- Location: 51°33′N 113°02′E﻿ / ﻿51.550°N 113.033°E Gorny, Zabaykalsky Krai, Russia
- Date: 25 October 2019
- Attack type: Mass shooting
- Weapon: AK-74
- Deaths: 8
- Injured: 2 (both seriously)
- Perpetrator: Ramil Shamsutdinov
- Motive: Response to hazing

= Gorny shooting =

2019 shooting in Gorny, Russia

On 25 October 2019, a Russian soldier shot ten of his colleagues, killing eight of them, in Gorny, Zabaykalsky Krai, Russia. The gunman was later identified as 20-year-old Ramil Shamsutdinov.

== Shooting ==
The shooting occurred at a military base 150 km north of the border with Mongolia. Two of the eight killed were officers and the rest were enlisted men. The shooting took place at 18:20 (UTC+09:00), right after Pvt. Ramil Shamsutdinov had received an AK-74 assault rifle. Shamsutdinov fired 26 rounds of the 30 in the magazine. A Spetsnaz response-team arrived two minutes after the shooting. Shamsutdinov immediately surrendered without any resistance.

== Investigation ==
The sole suspect was Pvt. Ramil Salengalovich Shamsutdinov (born 1999), a resident of the Vagay village, Tyumen Oblast, and son of a retired military commander. The Chita military court arrested Ramil Shamsutdinov.

===Motive===
The Russian Ministry of Defence attributed the events to Shamsutdinov suffering a nervous breakdown. However, Shamsutdinov's father alleges that severe, ritualized abuse of new recruits at the hands of officers and older soldiers drove his son to carry out the shooting, saying that his son had told him "I’m sorry father, I couldn’t have done otherwise.

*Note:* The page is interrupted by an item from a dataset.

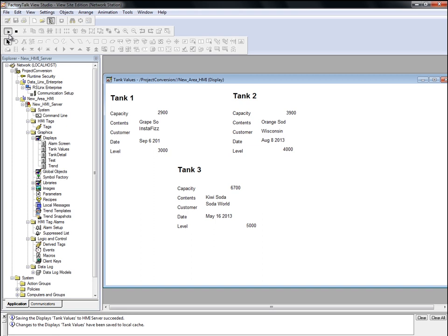You should also know that the Direct Reference Tag Converter utility can be used with both View ME and View SE.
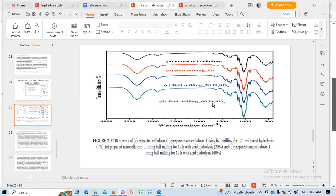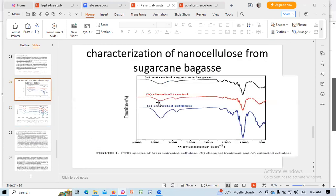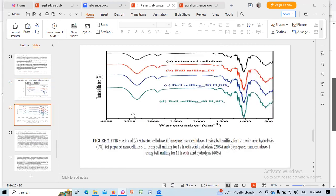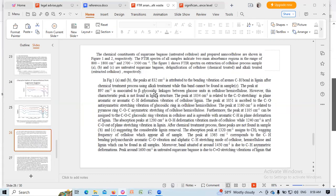2900 per cm, the CH stretching vibration, CH stretching vibration. 3340 per cm, OH stretching vibration of the OH group in this area. This is the explanation of the FTIR spectra.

Either they’d kill me or I’d kill them," and that Ramil did not regret his “deliberate” actions. Shamsutdinov testified that he faced physical abuse and threats of rape.

===Sentencing===
In January 2021, Shamsutdinov was sentenced to 24½ years in prison. At the time of his sentencing, the Defence ministry had accepted that he was subjected to hazing prior to the shooting. Some victims' families criticized the sentence, arguing that it is too short.